In [1]:
import findspark
findspark.init()

In [2]:
from pyspark import SparkContext
from pyspark.sql import SparkSession
from pyspark.conf import SparkConf


conf = SparkConf()\
    .setMaster('local[*]')\
    .setAppName('Json data with DF')\
    .setExecutorEnv('spark.driver.memory','2g')\
    .setExecutorEnv('spark.executor.memory','4g')

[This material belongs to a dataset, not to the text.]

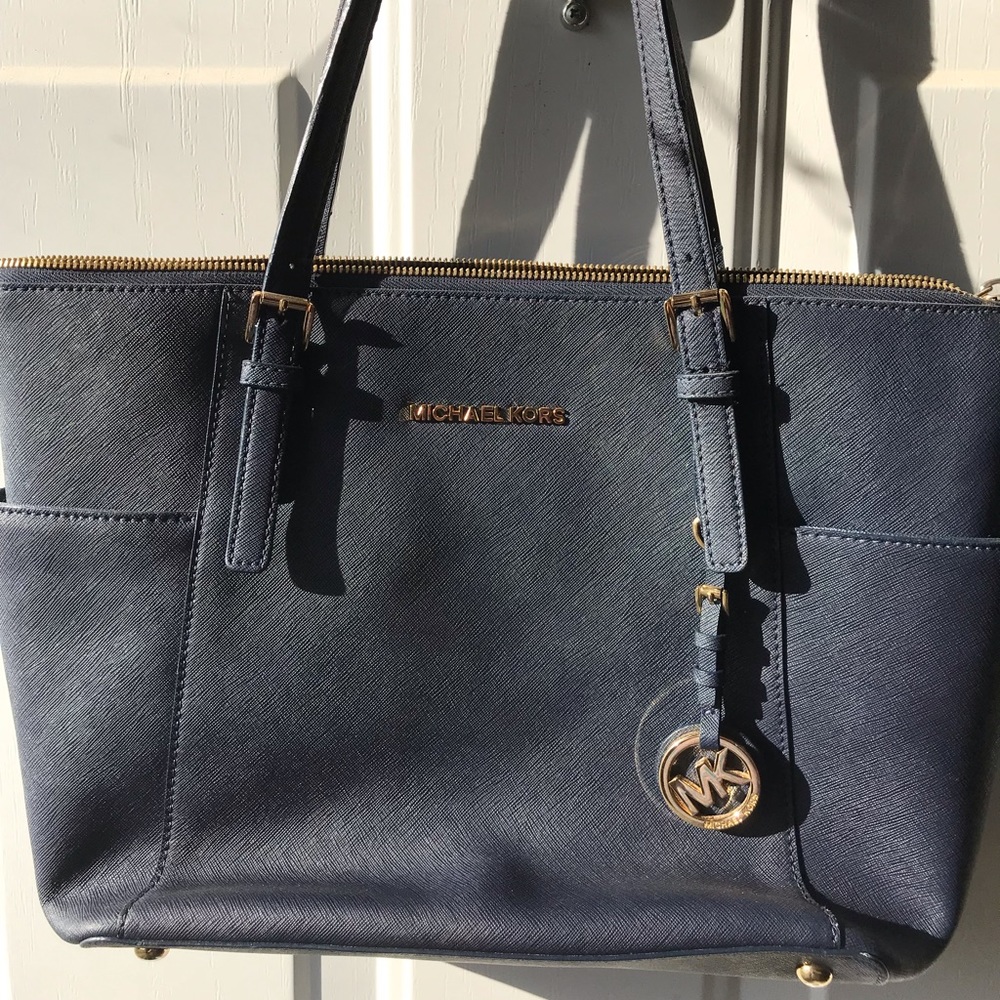 Navy blue Michael Kors Tote/purse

spark = SparkSession.builder.config(conf=conf).getOrCreate()

In [None]:
##### data source: https://www.kaggle.com/datasets/Cornell-University/arxiv

In [3]:
df = spark.read.json('arxiv-metadata-oai-snapshot.json')

In [4]:
df.printSchema()

root
 |-- abstract: string (nullable = true)
 |-- authors: string (nullable = true)
 |-- authors_parsed: array (nullable = true)
 |    |-- element: array (containsNull = true)
 |    |    |-- element: string (containsNull = true)
 |-- categories: string (nullable = true)
 |-- comments: string (nullable = true)
 |-- doi: string (nullable = true)
 |-- id: string (nullable = true)
 |-- journal-ref: string (nullable = true)
 |-- license: string (nullable = true)
 |-- report-no: string (nullable = true)
 |-- submitter: string (nullable = true)
 |-- title: string (nullable = true)
 |-- update_date: string (nullable = true)
 |-- versions: array (nullable = true)
 |    |-- element: struct (containsNull = true)
 |    |    |-- created: string (nullable = true)
 |    |    |-- version: string (nullable = true)



In [5]:
df.rdd.getNumPartitions()

25

### 1. Create a new Schema

In [6]:
from pyspark.sql.types import StructType, StructField, ArrayType, StringType

manual_schema = StructType([
    StructField('authors', StringType(), True),
    StructField('categories', StringType(), True),
    StructField('license', StringType(), True),
    StructField('comments', StringType(), True),
    StructField('abstract', StringType(), True),
    StructField('versions', ArrayType(StringType()), True)
])

print(manual_schema)

StructType(List(StructField(authors,StringType,true),StructField(categories,StringType,true),StructField(license,StringType,true),StructField(comments,StringType,true),StructField(abstract,StringType,true),StructField(versions,ArrayType(StringType,true),true)))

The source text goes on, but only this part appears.